▶ [Task goal]
Could you write out, exactly as they stand, only the lines in the listing below from the line with "Trying to Stand Out in Football Culture" to the line with "The History of", both ends included, without the pictures?

▶ [Data records]
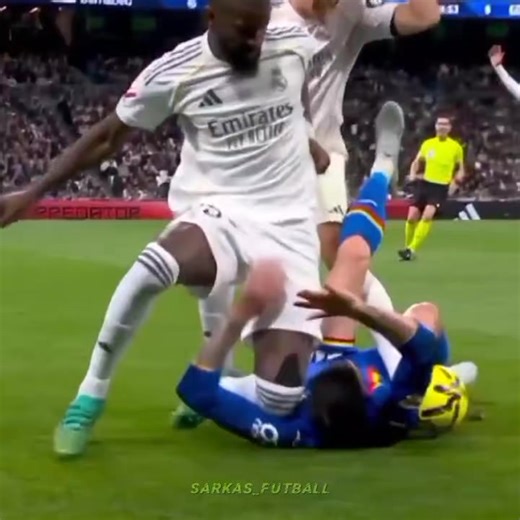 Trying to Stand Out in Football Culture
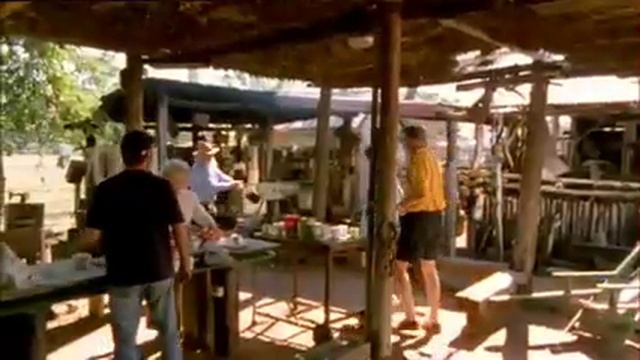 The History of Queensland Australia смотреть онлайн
...
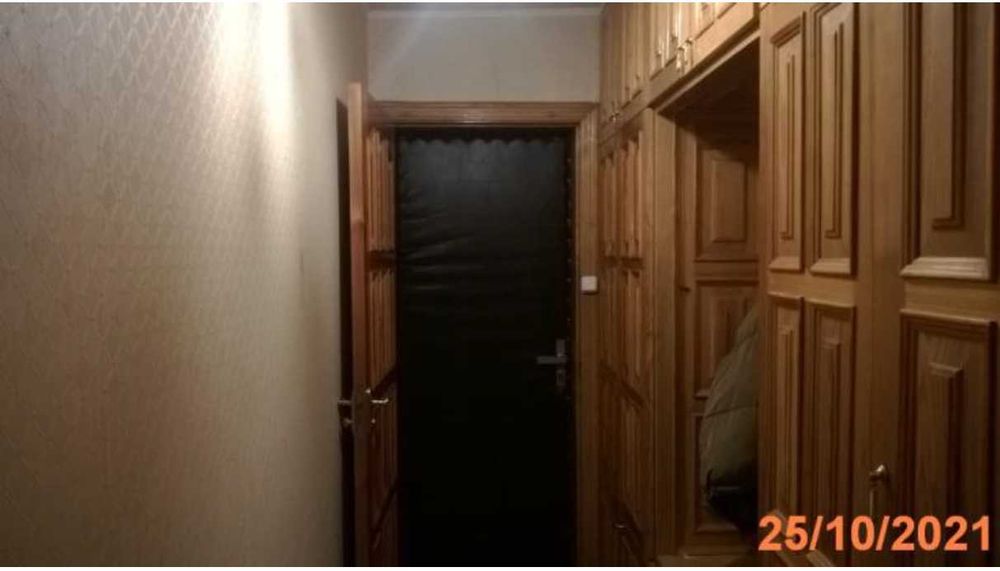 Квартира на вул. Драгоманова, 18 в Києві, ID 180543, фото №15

▶ [Response to this exercise]
 Trying to Stand Out in Football Culture
 The History of Queensland Australia смотреть онлайн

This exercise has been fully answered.